### Instructions for the task
Would you reproduce, word for word, only the lines running from the top of the data through the line containing "Building Photo - 4309 W 10th St", and none of the pictures?

[Captioned web images]
<<<<

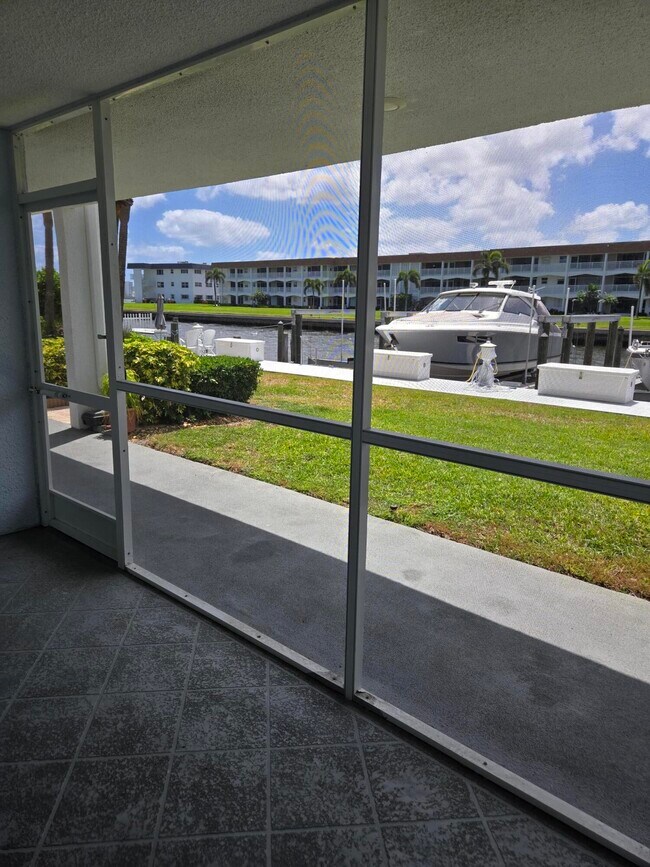 Building Photo - 104 Paradise Harbour Blvd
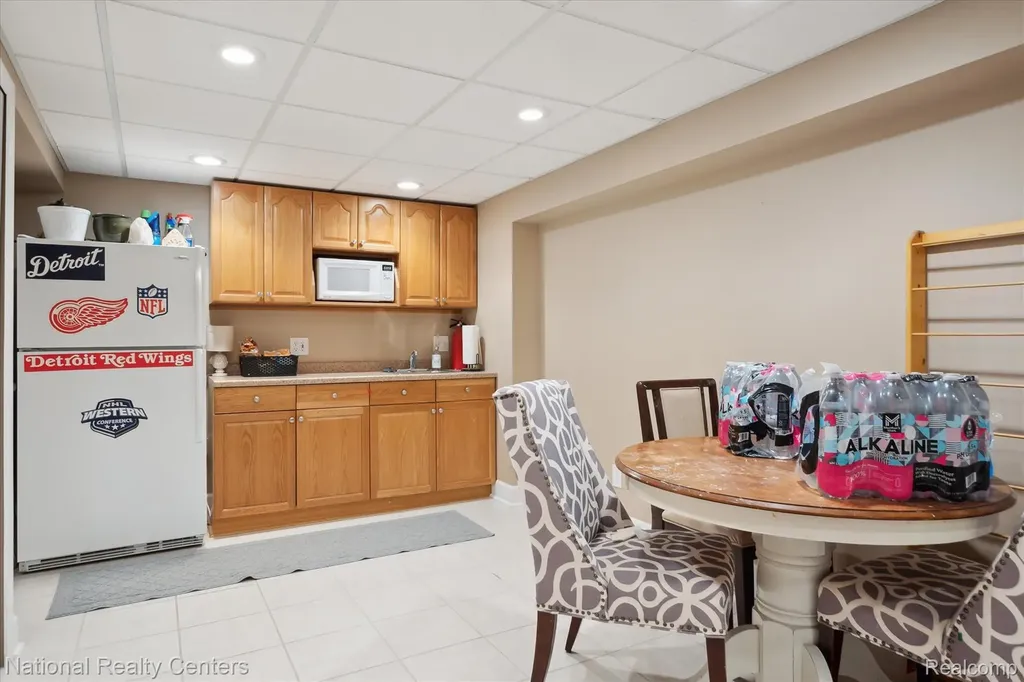 5885 Fairborn Canton Charter Township MI 48187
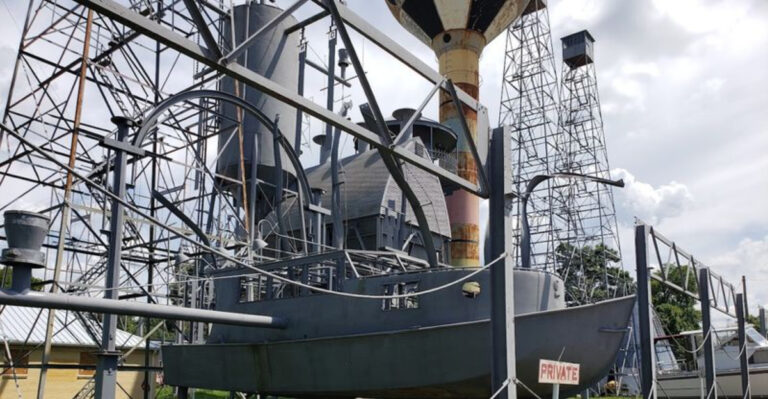 Tennessee Has A Sculpture The Size Of A City Block That One Artist Has Been Building Since 1989
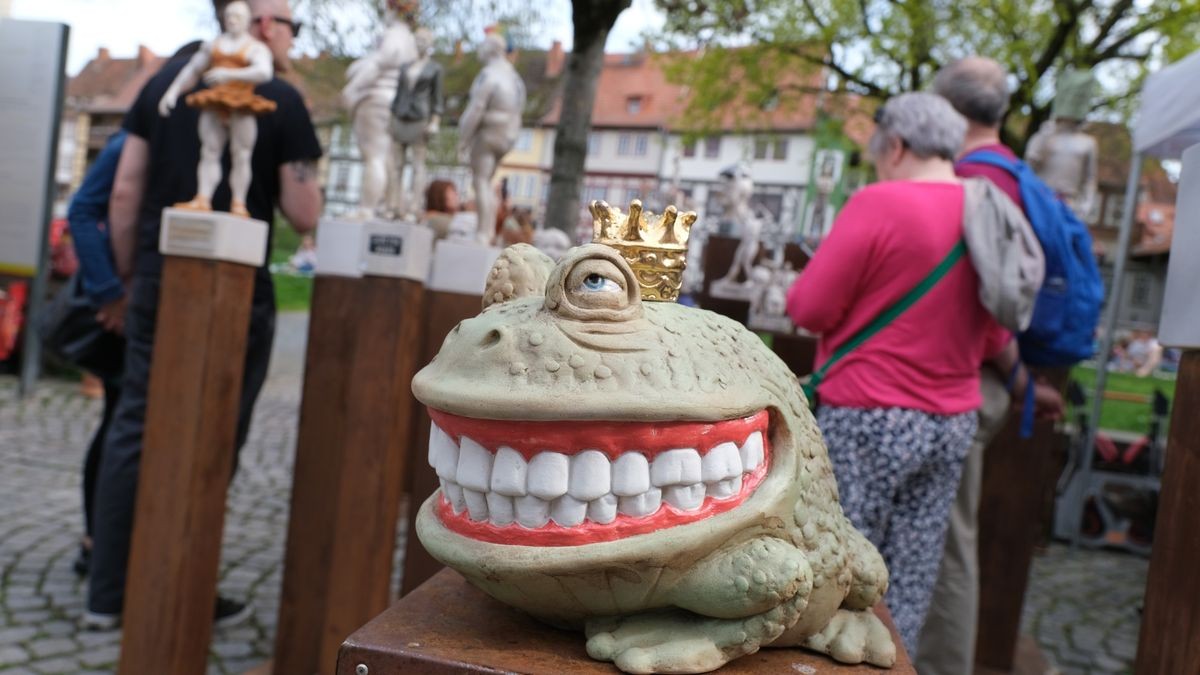 Figuren mit ausdrücklicher Fotoerlaubnis auf dem Erfurter Töpfermarkt - auch ein Froschkönig ist darunter zu finden.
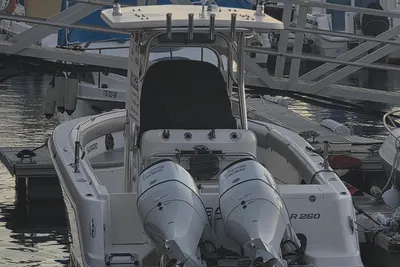 2010 Robalo R260 Center Console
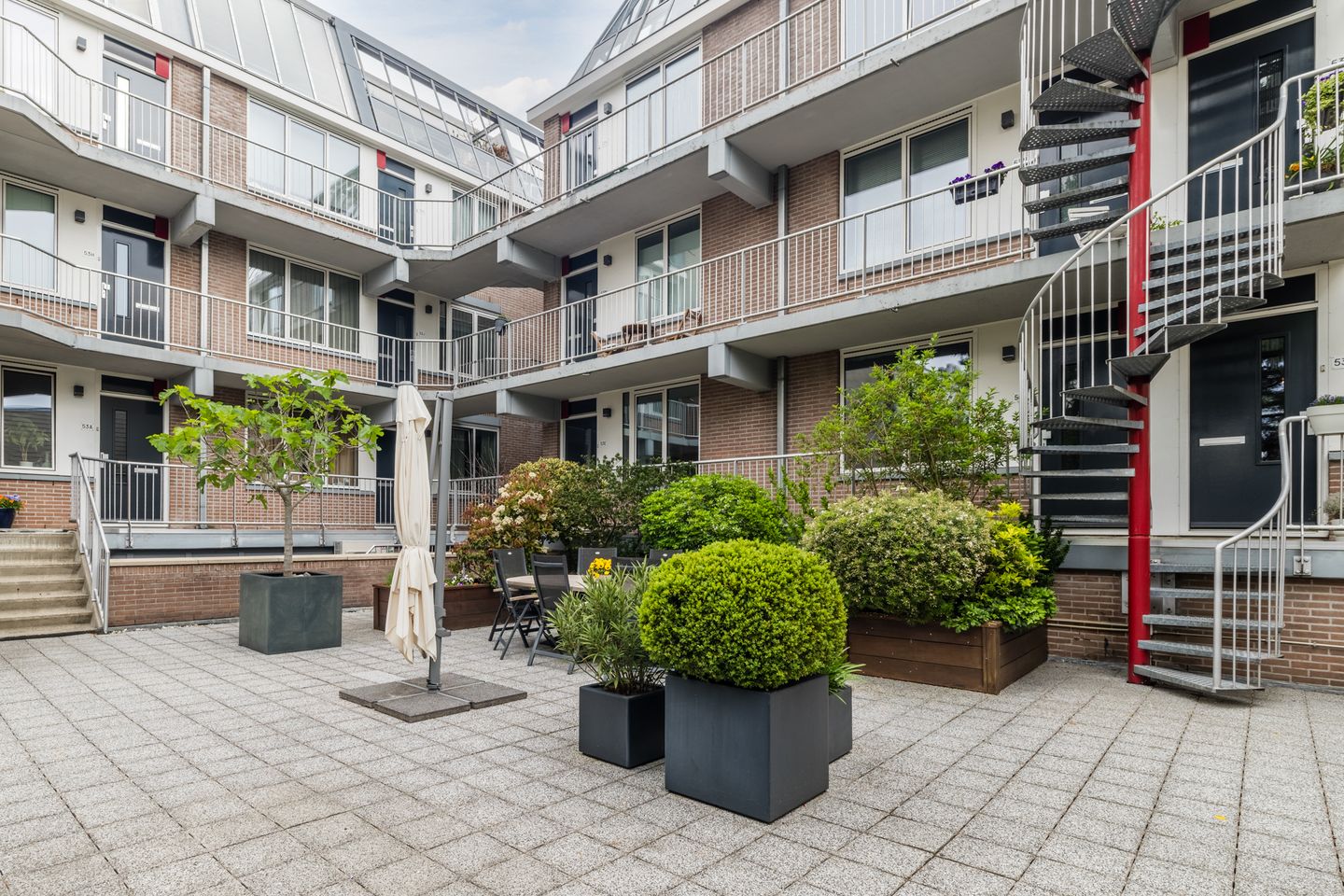 Modern Apartment on Utrecht's Iconic Maliebaan with Balcony View — 40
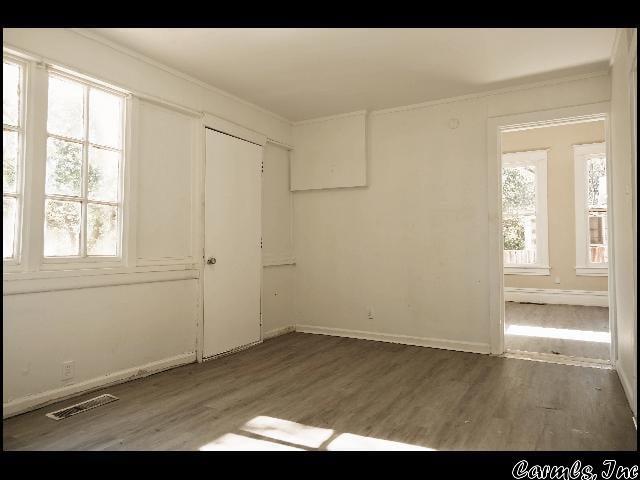 Building Photo - 4309 W 10th St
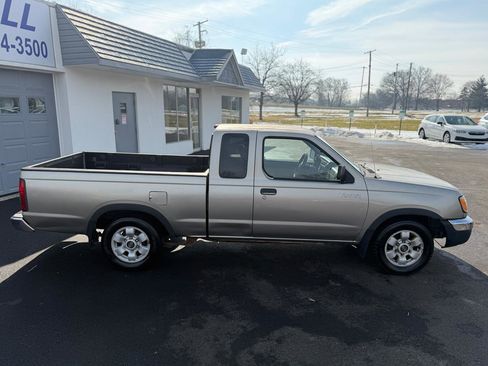 Used 2000 Nissan Frontier XE image 7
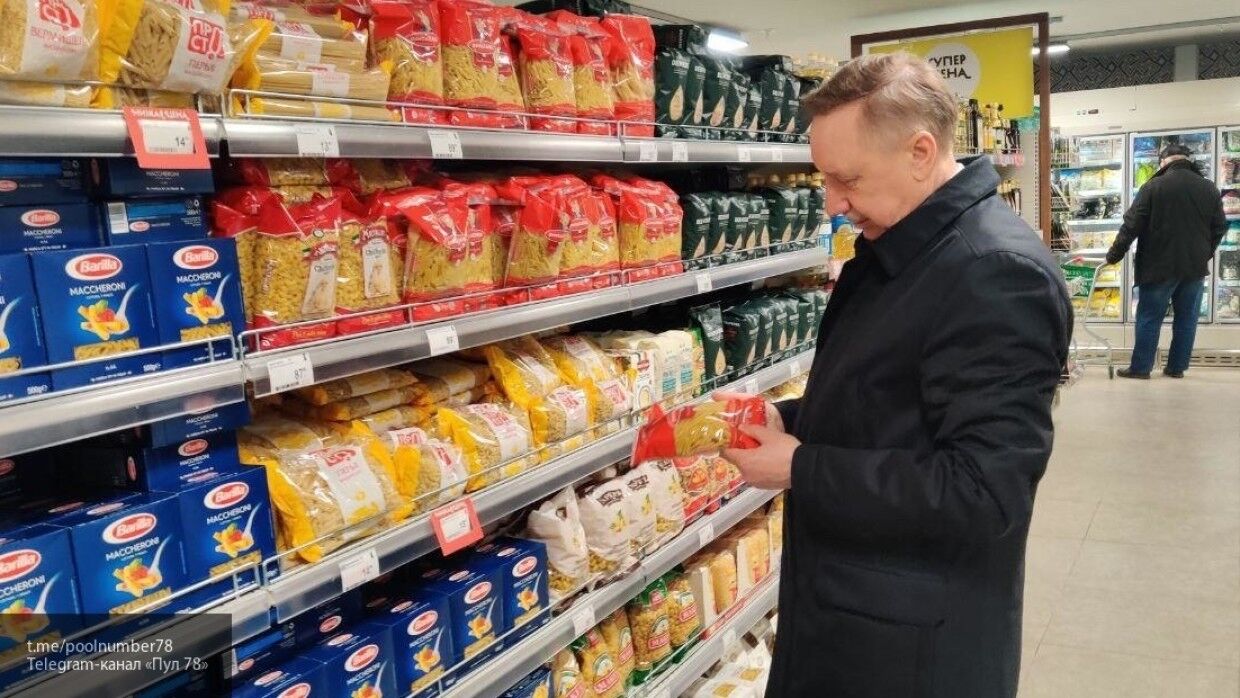 Product spb. Беглов в магазине. Ажиотаж на продукты. Беглов губернатор в супермаркете. Продукты питания Питер.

>>>>

### Answer section
 Building Photo - 104 Paradise Harbour Blvd
 5885 Fairborn Canton Charter Township MI 48187
 Tennessee Has A Sculpture The Size Of A City Block That One Artist Has Been Building Since 1989
 Figuren mit ausdrücklicher Fotoerlaubnis auf dem Erfurter Töpfermarkt - auch ein Froschkönig ist darunter zu finden.
 2010 Robalo R260 Center Console
 Modern Apartment on Utrecht's Iconic Maliebaan with Balcony View — 40
 Building Photo - 4309 W 10th St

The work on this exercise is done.